Activity: Everything from the line containing "Roadside hawk" to the last line of the records must be returned verbatim; nothing else belongs in the output.

Record extracts:
☆ ☆ ☆

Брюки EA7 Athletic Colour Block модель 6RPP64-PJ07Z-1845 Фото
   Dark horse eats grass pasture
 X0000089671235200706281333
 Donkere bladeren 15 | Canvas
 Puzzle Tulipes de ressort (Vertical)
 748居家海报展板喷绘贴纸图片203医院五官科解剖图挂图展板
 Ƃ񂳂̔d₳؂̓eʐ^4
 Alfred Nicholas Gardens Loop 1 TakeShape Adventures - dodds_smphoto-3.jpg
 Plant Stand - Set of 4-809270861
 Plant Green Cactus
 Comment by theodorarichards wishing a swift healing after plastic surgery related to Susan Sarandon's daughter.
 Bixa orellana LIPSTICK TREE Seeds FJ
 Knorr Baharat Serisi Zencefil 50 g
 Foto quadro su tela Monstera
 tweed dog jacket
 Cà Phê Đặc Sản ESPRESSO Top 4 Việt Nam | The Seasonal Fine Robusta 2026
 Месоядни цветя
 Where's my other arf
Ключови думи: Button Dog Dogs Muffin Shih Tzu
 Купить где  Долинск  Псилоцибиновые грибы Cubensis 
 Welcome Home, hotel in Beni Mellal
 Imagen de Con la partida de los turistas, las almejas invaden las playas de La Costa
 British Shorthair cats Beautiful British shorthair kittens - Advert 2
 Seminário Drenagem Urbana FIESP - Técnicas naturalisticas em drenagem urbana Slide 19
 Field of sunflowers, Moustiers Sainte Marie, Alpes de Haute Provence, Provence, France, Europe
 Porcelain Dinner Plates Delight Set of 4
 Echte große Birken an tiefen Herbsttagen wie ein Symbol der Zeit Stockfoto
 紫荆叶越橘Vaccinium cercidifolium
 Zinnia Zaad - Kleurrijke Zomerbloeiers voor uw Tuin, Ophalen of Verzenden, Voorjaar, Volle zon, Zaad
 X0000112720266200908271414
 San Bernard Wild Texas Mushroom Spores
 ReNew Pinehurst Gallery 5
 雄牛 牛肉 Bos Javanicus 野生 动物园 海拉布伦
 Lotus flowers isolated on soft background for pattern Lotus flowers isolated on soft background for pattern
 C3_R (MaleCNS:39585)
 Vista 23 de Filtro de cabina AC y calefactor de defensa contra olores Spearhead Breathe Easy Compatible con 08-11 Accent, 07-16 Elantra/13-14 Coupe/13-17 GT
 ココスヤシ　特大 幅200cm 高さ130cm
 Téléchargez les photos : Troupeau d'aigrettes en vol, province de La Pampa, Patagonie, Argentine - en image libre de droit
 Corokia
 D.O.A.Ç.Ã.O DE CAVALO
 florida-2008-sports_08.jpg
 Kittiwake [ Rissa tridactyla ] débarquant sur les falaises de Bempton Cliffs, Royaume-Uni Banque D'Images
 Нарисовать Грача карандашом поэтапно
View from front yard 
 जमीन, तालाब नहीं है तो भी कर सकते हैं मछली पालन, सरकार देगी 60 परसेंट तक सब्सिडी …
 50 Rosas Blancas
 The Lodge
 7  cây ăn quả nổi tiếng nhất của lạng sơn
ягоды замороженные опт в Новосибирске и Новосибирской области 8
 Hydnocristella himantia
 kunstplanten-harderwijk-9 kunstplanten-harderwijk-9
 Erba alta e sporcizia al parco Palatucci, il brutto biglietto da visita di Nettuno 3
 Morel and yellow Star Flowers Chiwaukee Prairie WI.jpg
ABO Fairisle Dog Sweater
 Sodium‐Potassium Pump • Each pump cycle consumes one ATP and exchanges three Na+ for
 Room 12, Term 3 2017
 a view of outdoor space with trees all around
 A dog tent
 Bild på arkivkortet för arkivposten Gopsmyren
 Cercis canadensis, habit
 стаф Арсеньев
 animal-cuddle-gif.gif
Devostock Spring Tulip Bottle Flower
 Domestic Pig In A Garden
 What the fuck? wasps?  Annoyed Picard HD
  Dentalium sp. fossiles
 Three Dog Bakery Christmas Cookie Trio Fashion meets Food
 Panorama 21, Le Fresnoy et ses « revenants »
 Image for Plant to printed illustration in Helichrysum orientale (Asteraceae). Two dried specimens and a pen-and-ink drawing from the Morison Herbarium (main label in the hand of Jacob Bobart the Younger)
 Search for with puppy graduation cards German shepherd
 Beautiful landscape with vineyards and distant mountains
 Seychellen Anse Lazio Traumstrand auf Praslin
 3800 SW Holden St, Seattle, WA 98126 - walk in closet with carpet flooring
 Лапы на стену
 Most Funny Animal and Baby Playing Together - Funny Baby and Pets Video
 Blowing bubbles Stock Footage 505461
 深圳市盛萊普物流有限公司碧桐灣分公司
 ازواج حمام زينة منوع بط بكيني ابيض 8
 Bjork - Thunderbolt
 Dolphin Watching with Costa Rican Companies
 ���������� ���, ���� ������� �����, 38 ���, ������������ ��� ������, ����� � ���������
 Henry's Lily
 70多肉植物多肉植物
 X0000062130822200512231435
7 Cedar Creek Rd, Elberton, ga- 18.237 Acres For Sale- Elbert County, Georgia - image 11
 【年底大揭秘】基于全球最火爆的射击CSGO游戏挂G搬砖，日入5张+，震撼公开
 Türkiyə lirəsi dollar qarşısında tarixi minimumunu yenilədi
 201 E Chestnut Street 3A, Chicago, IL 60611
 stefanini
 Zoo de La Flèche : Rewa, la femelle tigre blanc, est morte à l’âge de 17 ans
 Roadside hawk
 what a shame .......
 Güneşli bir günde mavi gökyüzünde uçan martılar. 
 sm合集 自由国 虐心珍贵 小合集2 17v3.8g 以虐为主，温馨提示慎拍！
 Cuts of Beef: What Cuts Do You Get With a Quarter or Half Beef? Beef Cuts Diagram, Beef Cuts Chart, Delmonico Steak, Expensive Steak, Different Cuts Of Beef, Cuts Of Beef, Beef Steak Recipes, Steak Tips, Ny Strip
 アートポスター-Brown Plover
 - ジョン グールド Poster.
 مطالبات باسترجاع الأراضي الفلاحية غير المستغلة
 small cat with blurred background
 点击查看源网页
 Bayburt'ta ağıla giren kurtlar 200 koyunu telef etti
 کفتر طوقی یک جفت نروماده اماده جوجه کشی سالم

☆ ☆ ☆

Answer to this problem:
 Roadside hawk
 what a shame .......
 Güneşli bir günde mavi gökyüzünde uçan martılar. 
 sm合集 自由国 虐心珍贵 小合集2 17v3.8g 以虐为主，温馨提示慎拍！
 Cuts of Beef: What Cuts Do You Get With a Quarter or Half Beef? Beef Cuts Diagram, Beef Cuts Chart, Delmonico Steak, Expensive Steak, Different Cuts Of Beef, Cuts Of Beef, Beef Steak Recipes, Steak Tips, Ny Strip
 アートポスター-Brown Plover
 - ジョン グールド Poster.
 مطالبات باسترجاع الأراضي الفلاحية غير المستغلة
 small cat with blurred background
 点击查看源网页
 Bayburt'ta ağıla giren kurtlar 200 koyunu telef etti
 کفتر طوقی یک جفت نروماده اماده جوجه کشی سالم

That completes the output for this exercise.